The festival’s food lineup keeps the Creole and Cajun flavors honest and authentic with vendors only from Louisiana, hailing from exotic sounding places like Golden Meadow, River Ridge and St. Francisville as well as the New Orleans area. The dishes are even more exotic – quail, pheasant and andouille gumbo, muffuletta, crawfish bread, jambalaya, alligator pie, sweet potato pone, red beans and rice, boudin balls, shrimp, sausage and okra gumbo, shrimp po’boy, couchon du lait, beignets, pralines and lots of sno-balls (yes, they’re ”balls” not “cones” in New Orleans).
And while I listened to WWOZ, I flipped through the pages of the best jazz gumbo book ever written, a gift from a couple I never met, Dottie and Russ. Creole Gumbo and All That Jazz by the late Howard Mitcham features great recipes interspersed with vignettes on jazz musicians, song lyrics, historic photos, and Mitcham’s own illustrations and woodcuts.
I found my copy of the cookbook at an estate sale and it comes with an intriguing story. The book was a Christmas gift in 1987, according to the personal note inside. It was presented with two tapes recorded to follow the format of the cookbook to get the recipient “dancing in the kitchen.” The gumbo recipes are paired with music by Al Hirt and Pete Fountain but the note implies the gift givers recorded it themselves.

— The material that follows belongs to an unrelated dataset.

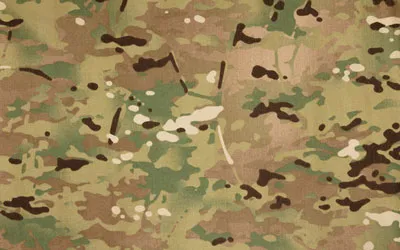 Multicam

How I wish I had the tapes (and a tape player) to know which numbers the clever Dottie and Russ chose for the following recipe. I’m intrigued, too, by their identity. The signature doesn’t match Dottie West, but could it be Dottie Rambo singing with Russ Taff? Dottie Rambo, the mother of Reba McIntyre? Or is it Dottie and Russ, the starving musicians who lived upstairs? It’s a mystery.
Making gumbo is no mystery to Mitcham, however. In Chapter 3 he calls Creole gumbo “la soupe divine.” He describes creating it like improvisational early jazz — a lot of blue notes, flatted fifths, discords, and glissandos for spice. The chapter includes six gumbo recipes – oyster, crab, crab-hominy, seafood-sausage-chicken, shrimp-tasso and creole. His recipe usually takes a crew to make, but you can make my version on your own with frozen seafood and boxed seafood stock, plus some long-playing music.
I could drive to New Orleans and back in the time it takes to make this recipe. I’ll bet, however, it took Dottie and Russ even longer to record such a loving Christmas gift for friends.